SIB structures, operations and higher returns are no different than other private international banks except that SIB has narrowed its products to CDs and deposit accounts, as well as ancillary products like credit cards and loans to existing clients. The rates for a 5-year jumbo CD are from 1 1/3% to 6 7/8% and are comparable to other international institutions. This information is verifiable on bankrate.com.
This analyst states that it is near to impossible for SIB to show a positive return — implying there must be fraud for this to occur. Plenty of financial investment vehicles had positive returns — including more than 1,600 hedge funds. The characterization that positive must be fraudlent is simply false and sensationalism.
Are we going to launch investigations of all firms who did NOT lose money for their investors last year?
Madoff/ponzi characterization — Separately, at Stanford Group Company, clients assets are held at Pershing LLC, a subsidiary of Bank of New York Mellon—one of the largest custodian organizations in the world. Clients’ brokerage account assets are insured and segregated to assure return of their assets in the event of any catastrophic events like the ones that have occurred to world class financial institutions in the last two years. Madoff was his own custodian…..more sensationalism. Report the truth…report the Pershing relationship. There has not been one fact proving that Stanford International Bank’s custodian relationships are not holding sigificant assets or that their independent money managers are not managing significant amounts for the bank.

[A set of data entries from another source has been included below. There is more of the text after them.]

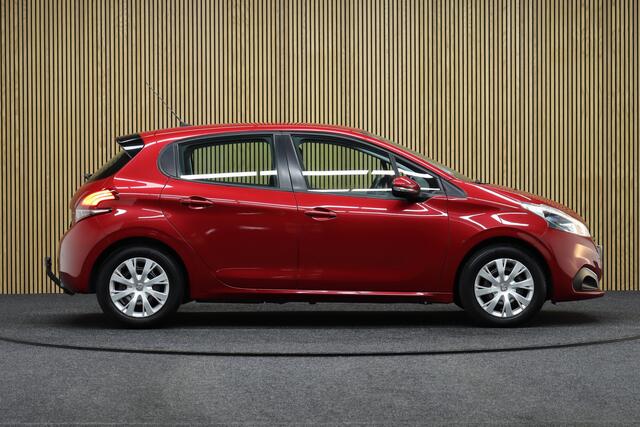 Peugeot 208 1.2 PureTech Blue Lion | Cruise-control | Trekhaak | Apple Carplay | Navigatie | Parkeerhulp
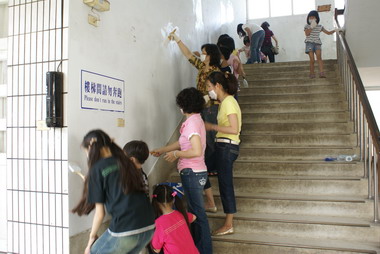 吾愛吾漆 興嘉國小師生家長攜手美化校園(圖)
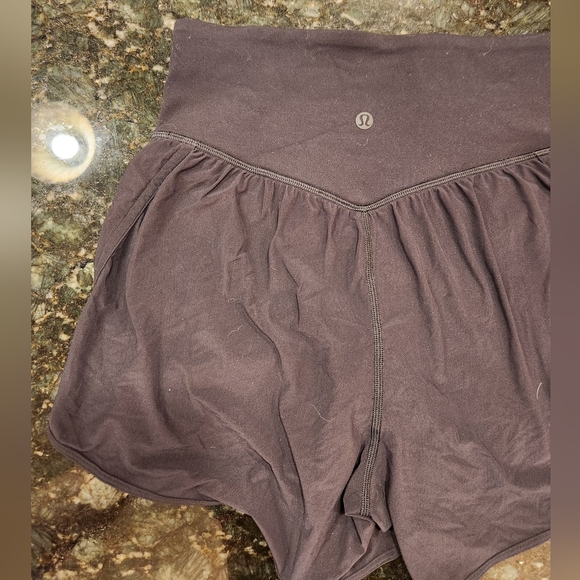 🖤 Rare lululemon double lined shorts - Picture 1 of 3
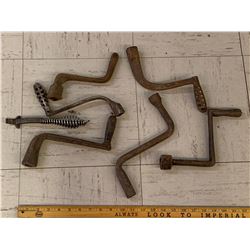 LOT OF ANTIQUE STOVE CRANKS AND LIFTER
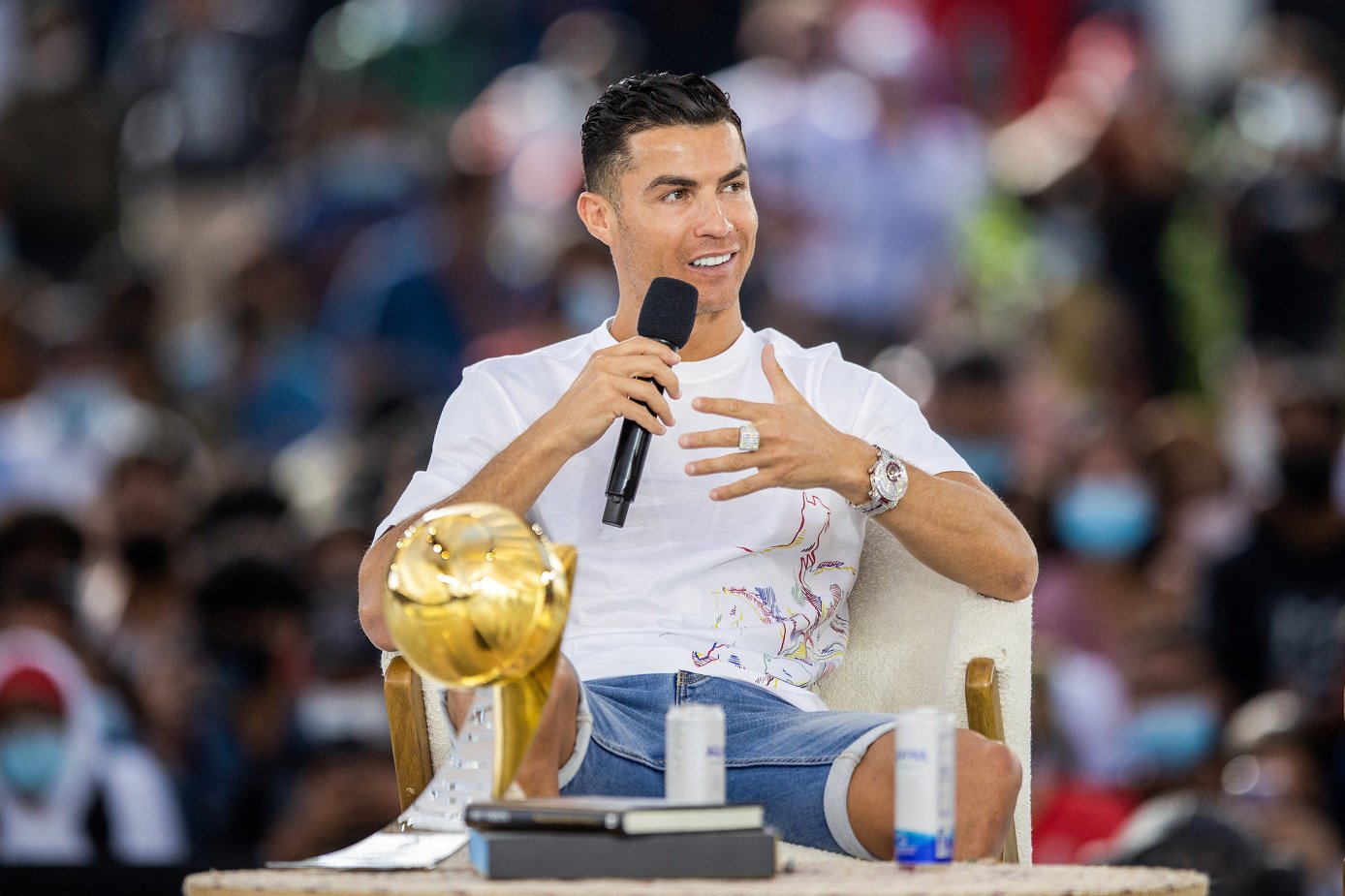 Ronaldo bảnh bao du xuân nhận giải thưởng ở Dubai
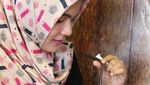Melihat Aksi Kulineran Dokter Cantik Asal Aceh Ini Bikin Hati Adem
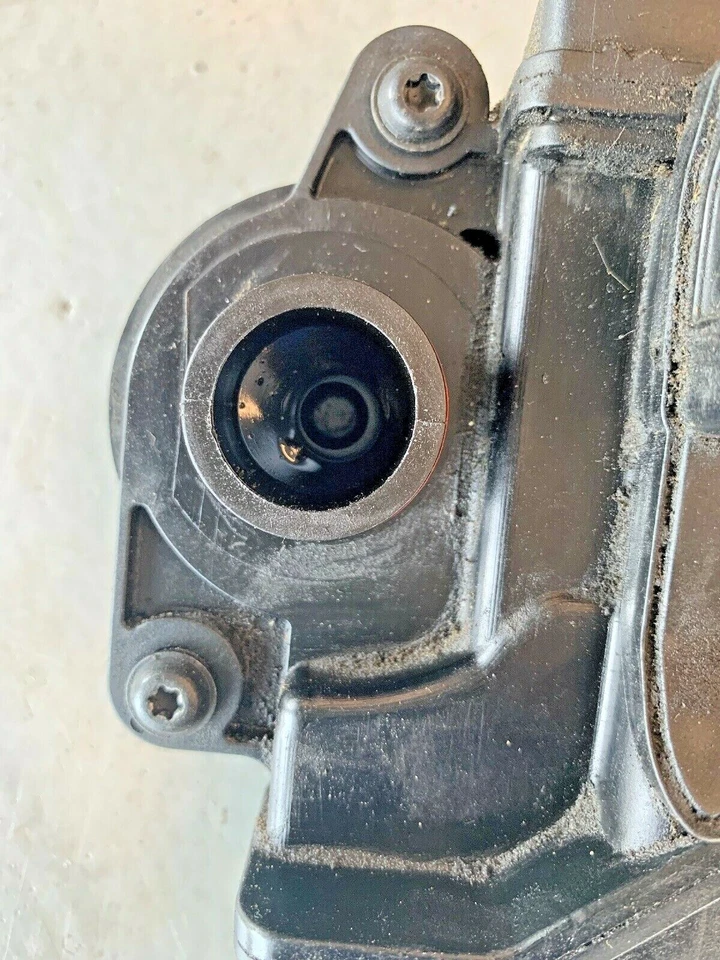 Сепаратор масла двигателя Audi A8 Quattro 4,2 л V8 2004-2010 годов выпуска 079103464F - Изображение 4 из 4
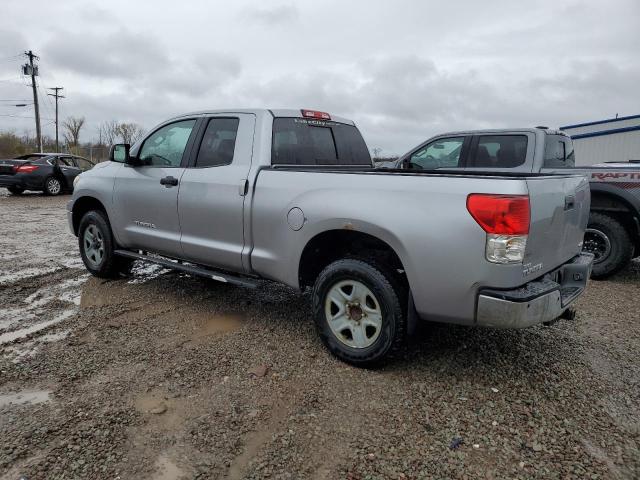5TFUM5F13AX012591 - 2010 TOYOTA TUNDRA DOUBLE CAB SR5 SILVER photo 2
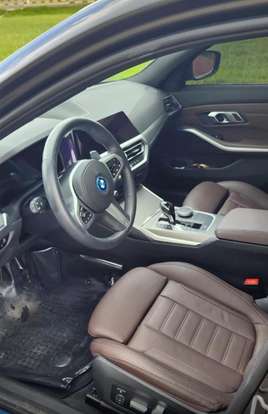 BMW-330e-2022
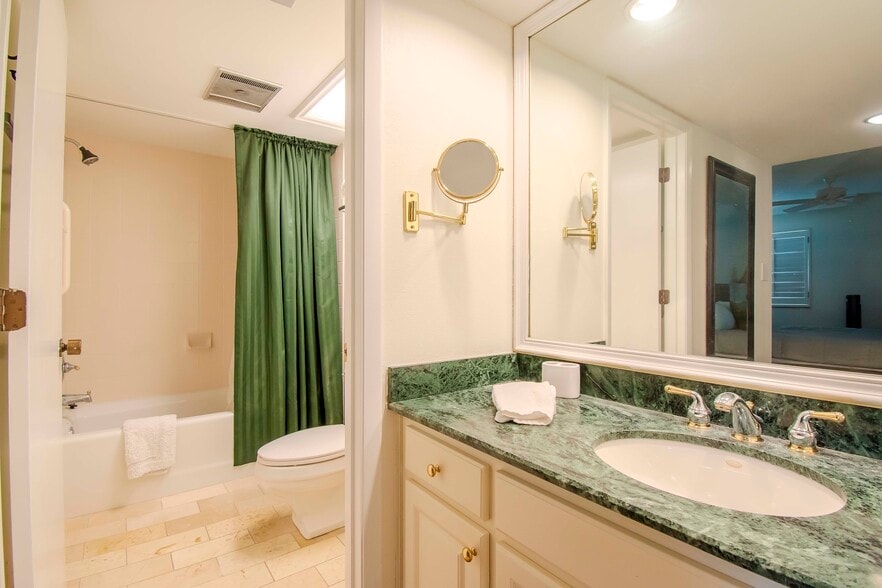 Building Photo - 29147 Bay Hollow Dr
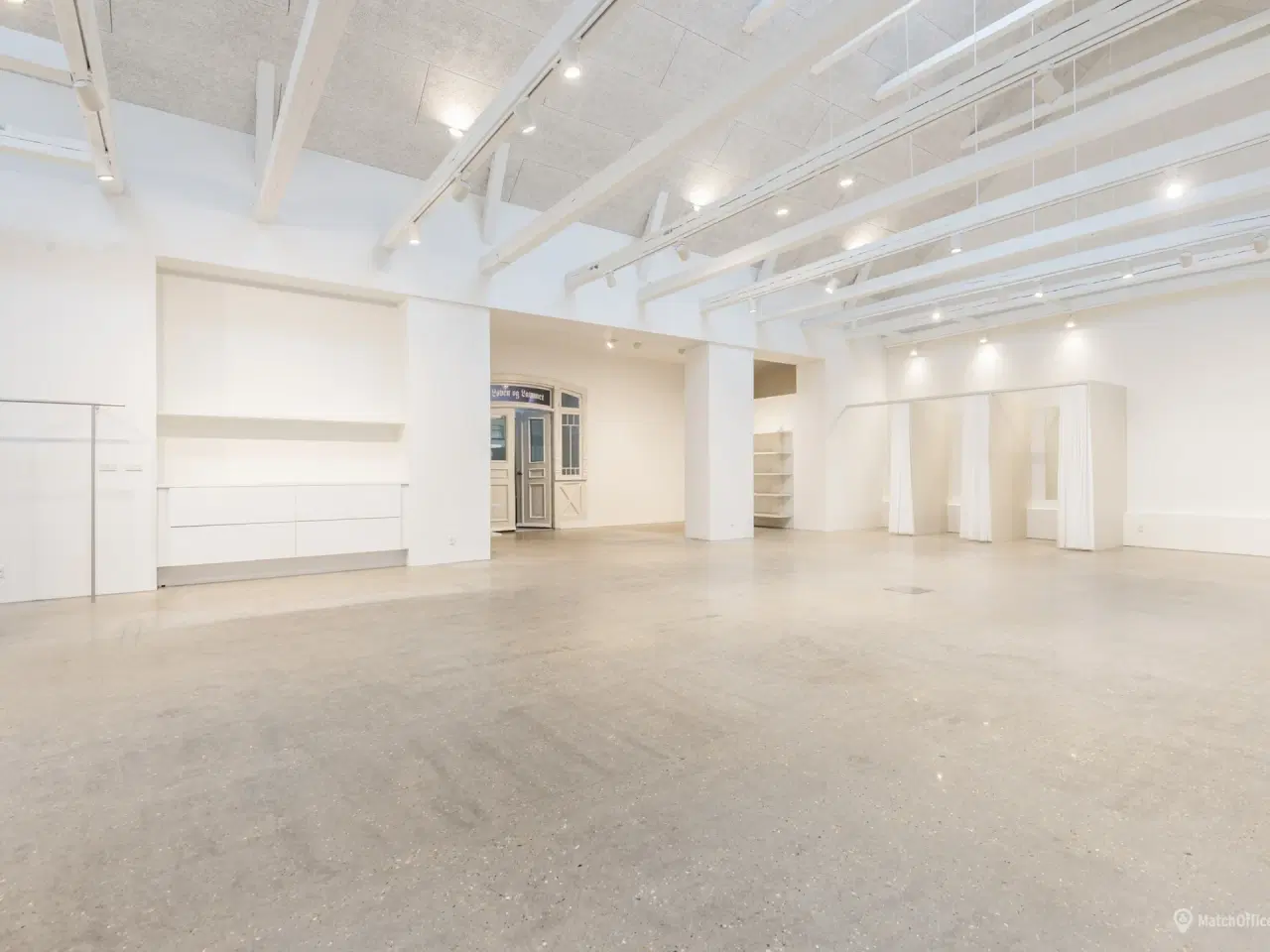 Billede 5 - Charmerende butik. klinik, kontor eller café i Kirkegade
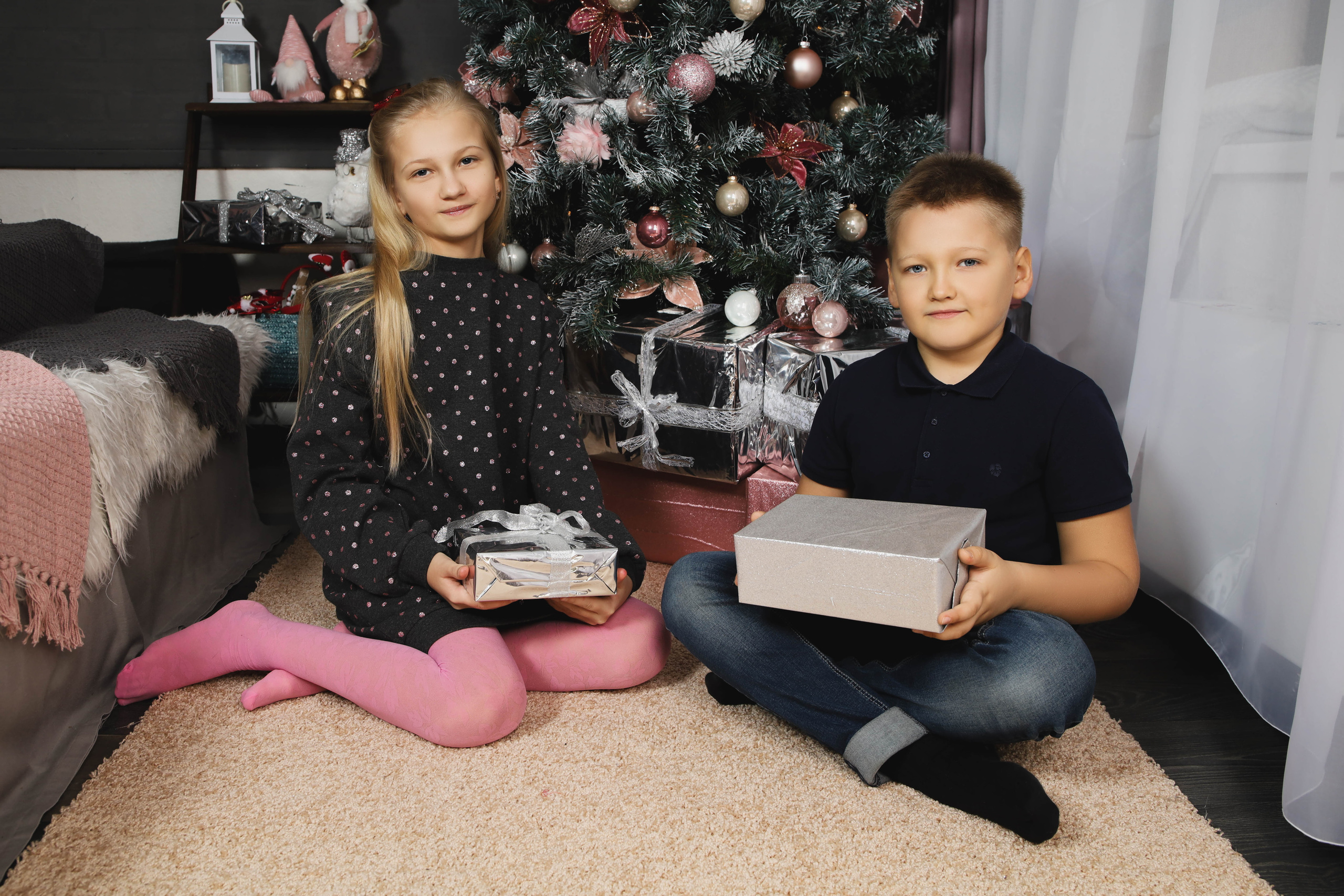 Ксения с семьей.Новогодняя 2022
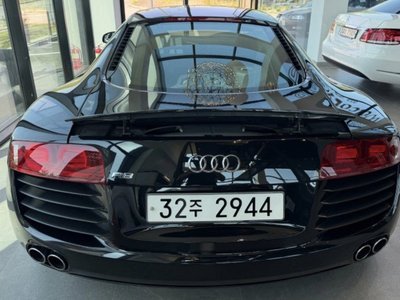 2008 AUDI R8 photo 3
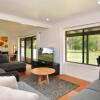 Отель Just Listed Blaxlands Homestead - the very best location in the Valley, walk to everything, фото 2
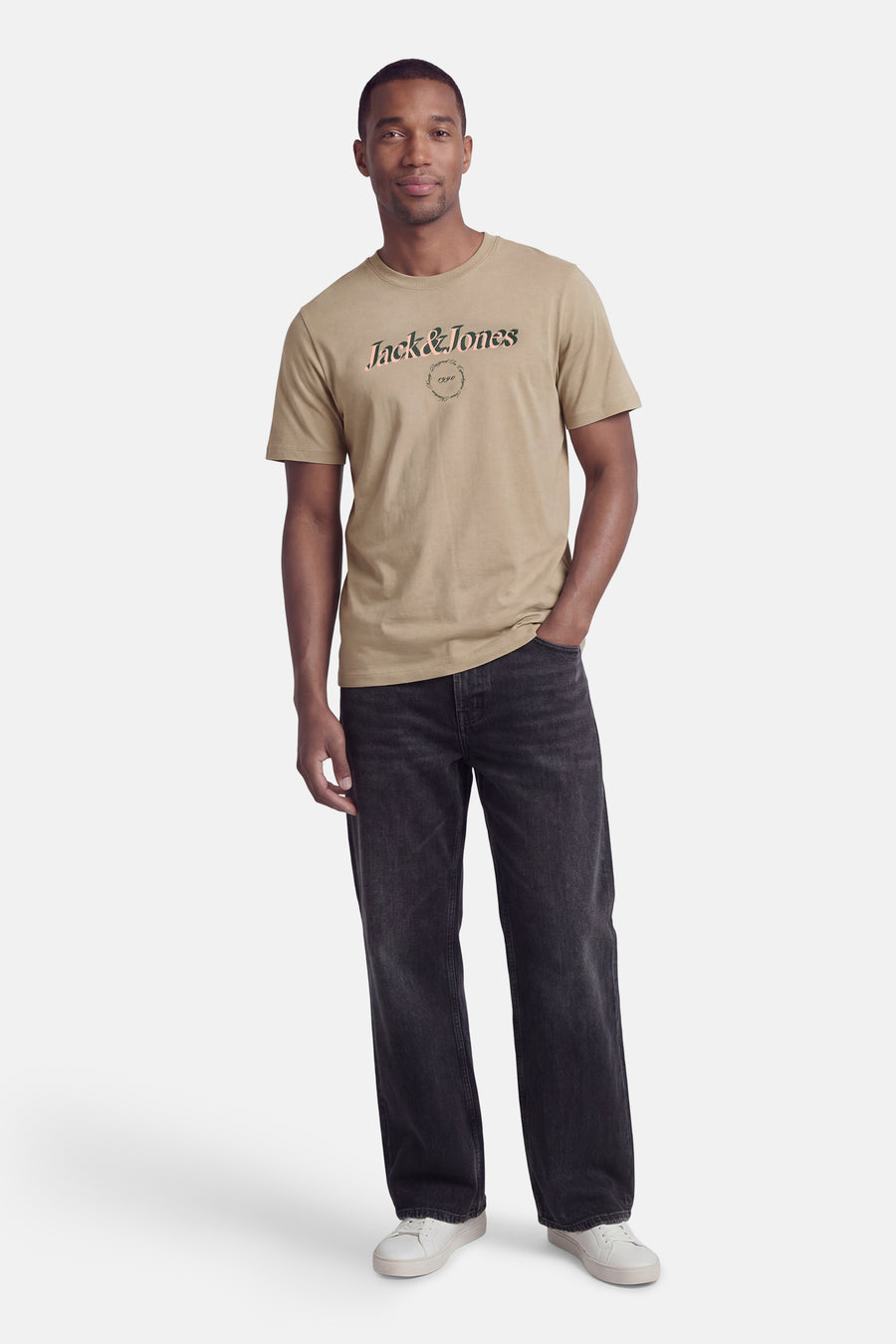 T-shirt à manches courtes d'ORIGINALS BY JACK & JONES avec imprimé texte stylisé Jack & Jones, porté avec un jean foncé et des baskets blanches.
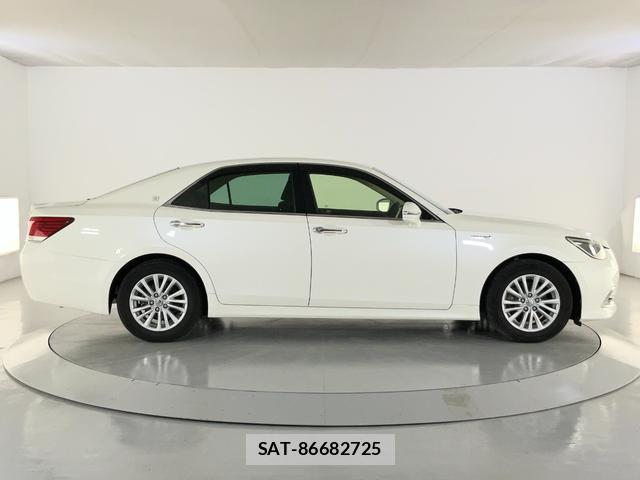 Toyota CROWN HYBRID 2017-06 8055530-7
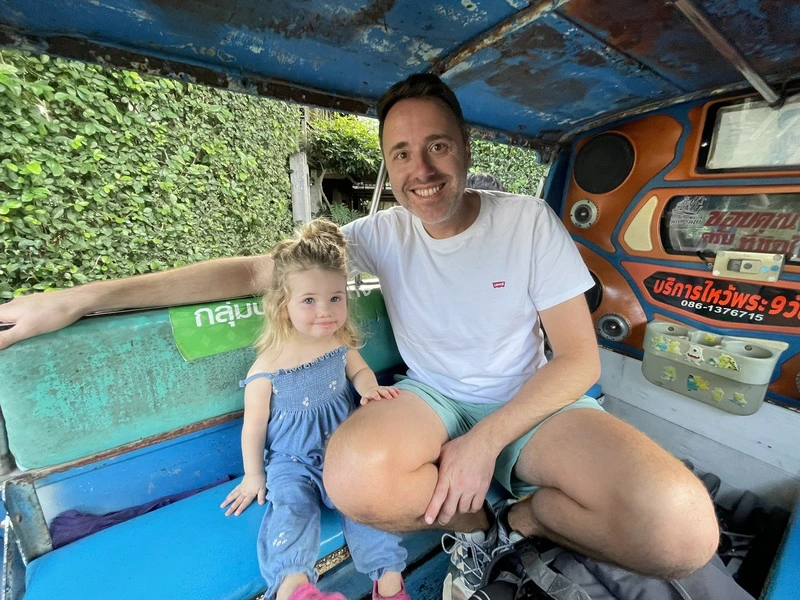 Thailand-Ayutthaya tuktuk met kinderen Riksja Family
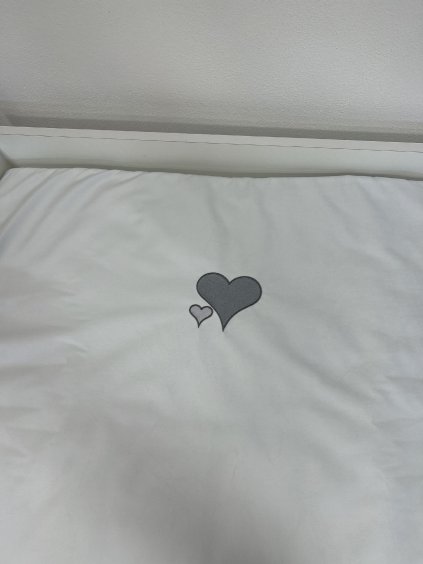 Podložka na přebalovací pult (s výšivkou srdíček) - na přání  s výšivkou srdíček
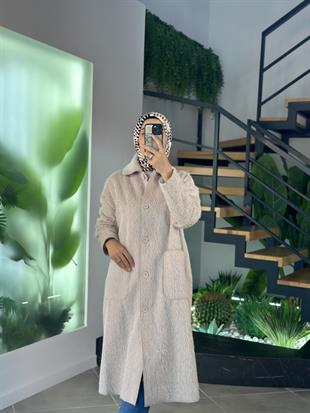 Kum Renk Kadın Tüylü Peluş Uzun Kaban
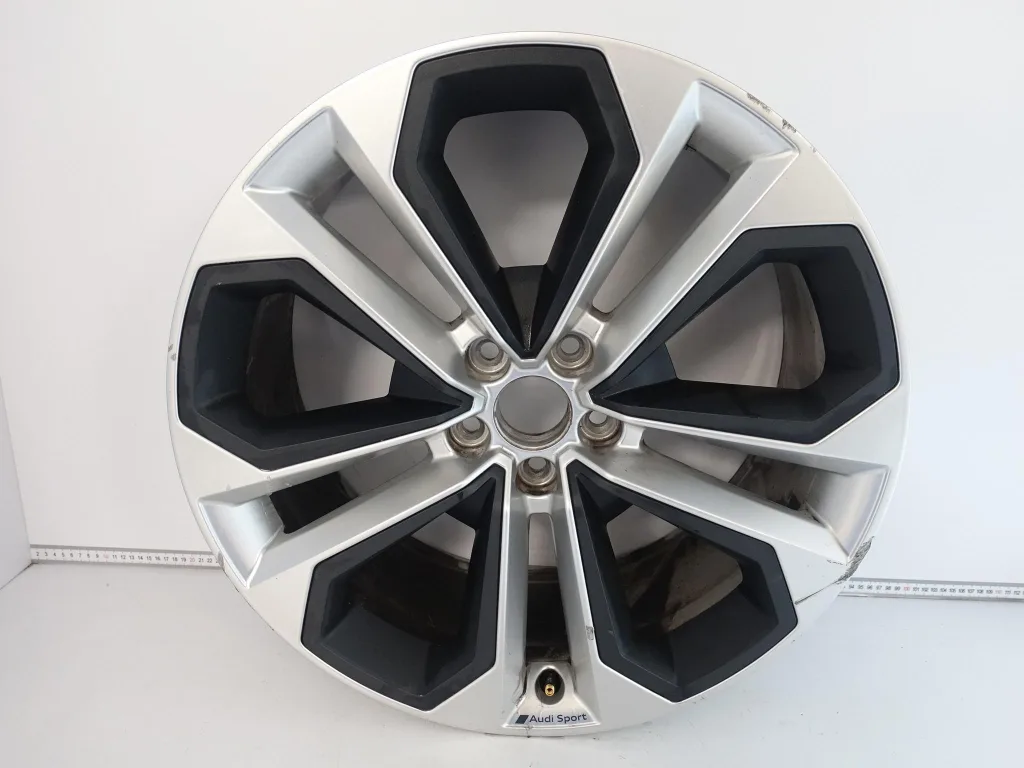 AUDI RSQ3 Q3 SQ3 II F3 83A 18-25 FELGA SPORT 8,5Jx20 ET38 5x112 83A601025E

Federal Agencies are “investigating” Stanford — regulators are a reality for any U.S. Broker/Dealer….the SEC and Finra were in Stanford offices as part of a routine examination. No one has confirmed or advised an “investigation is ongoing. There was an article in the New York Times earlier this week with headline “Hundreds of Regulators descend on Citi…..” Regulators are feeling the sting from their testimony to Congress, and are responding with more oversight. Stanford has no problem with this and has track record of full cooperation with regulators over the years.
Since the first Stanford Company’s founding during the Great Depression, the Stanford Financial Group has grown into a full-service portfolio of companies servicing individuals and institutions. Stanford Financial Group is a privately held global network of independent, affiliated financial services companies including Stanford Group Company, Stanford International Bank and Stanford Trust.
The Stanford International Bank (SIB) is but one aspect of the overall company portfolio and operates in St. John in the Caribbean Island of Antigua and Barbuda. The Bank has a prudent investment approach that it has followed for over 20 years and has over 30,000 clients in over 90 countries. It has stringent know-your customer/anti-money laundering policies and procedures and terrorist financing tracking. SIB remains a strong institution, and even without the benefit of billions in US taxpayer’s dollars SIB is taking a number of decisive steps to reinforce SIB financial strength to keep the capital base intact to protect SIB depositors.
Stanford International Bank has used the same auditing firm for a number of years. Once the external bank auditors are selected by the Board of Directors they must be expressly approved by regulatory agencies. The regulatory framework follows international standards set forth by Basel I and II. For the record, Basel I and Basel II are the highest standards in the industry.